**GIVEN DATA**
[Start of Attachment]

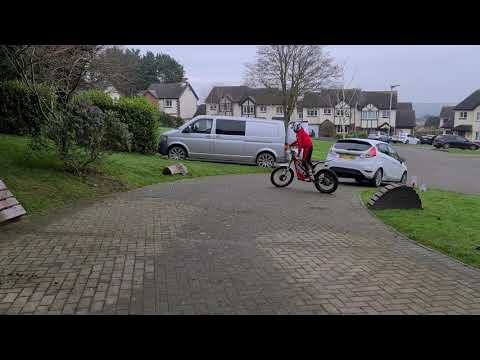 Liam on his oset 24 electric trials bike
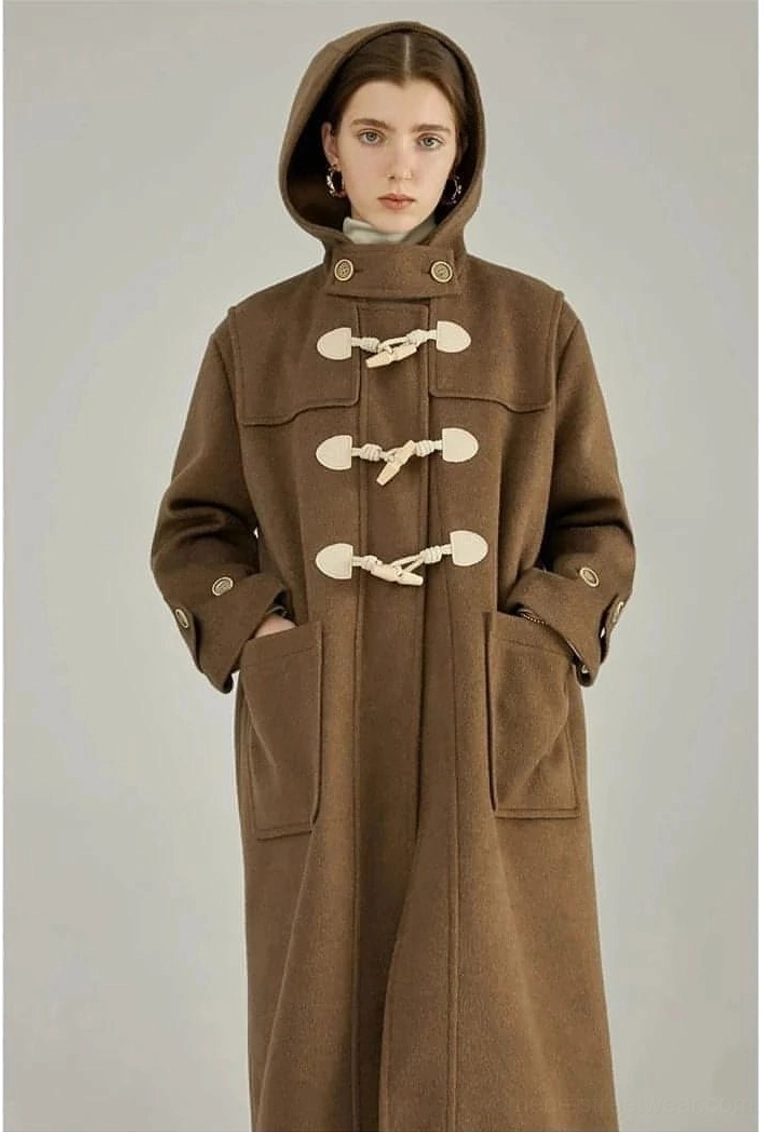 Brown wool duffle coat with horn toggle closures front view model wearing coat with hands in pockets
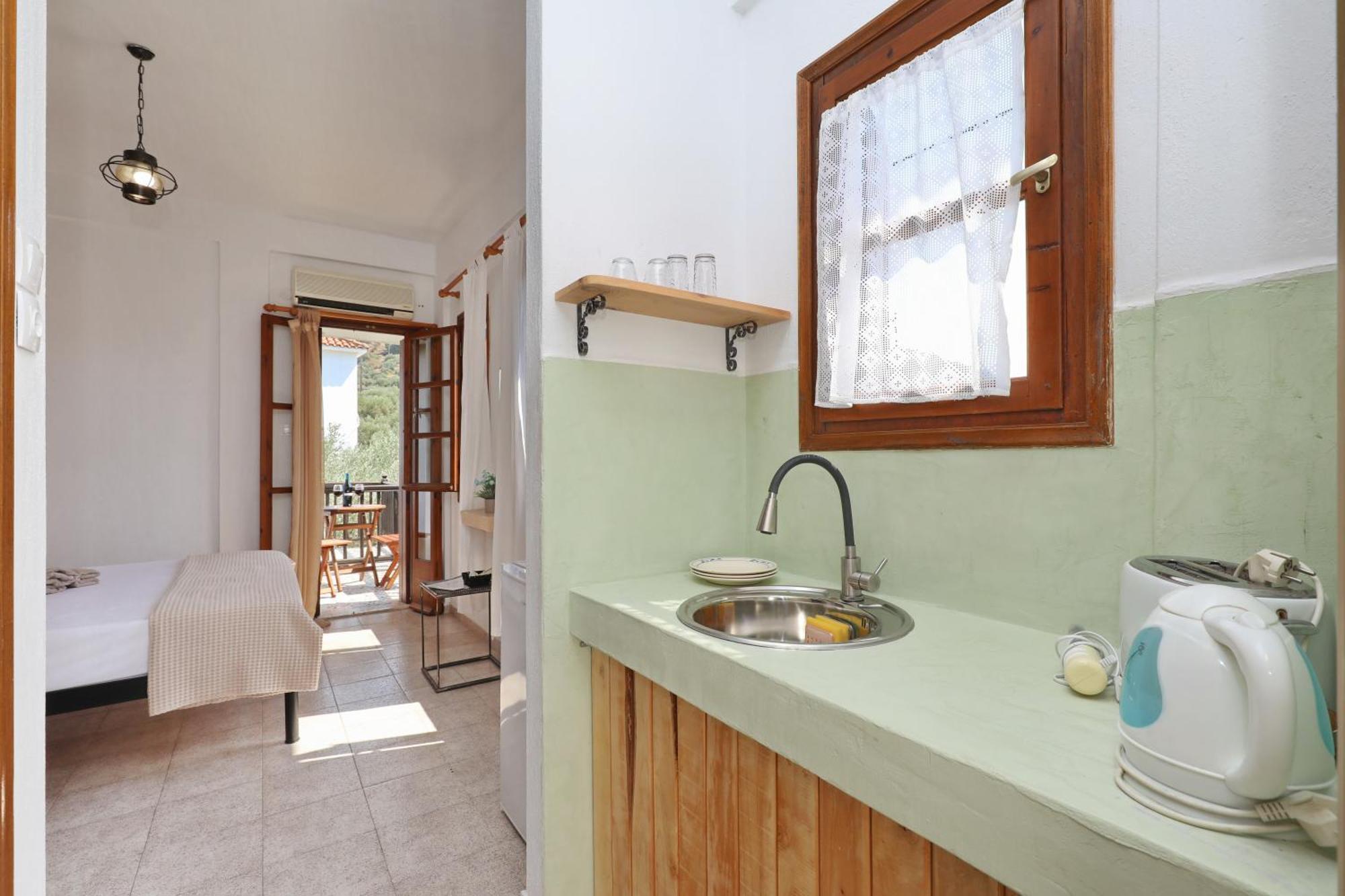 Skopelos Evergreen Apartments สตาฟิลอส ภายนอก รูปภาพ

[End of Attachment]

**EXERCISE REQUIREMENTS**
Copy out all the data above exactly as written. Skip the pictures.

**RESPONSE**
 Liam on his oset 24 electric trials bike
 Brown wool duffle coat with horn toggle closures front view model wearing coat with hands in pockets
 Skopelos Evergreen Apartments สตาฟิลอส ภายนอก รูปภาพ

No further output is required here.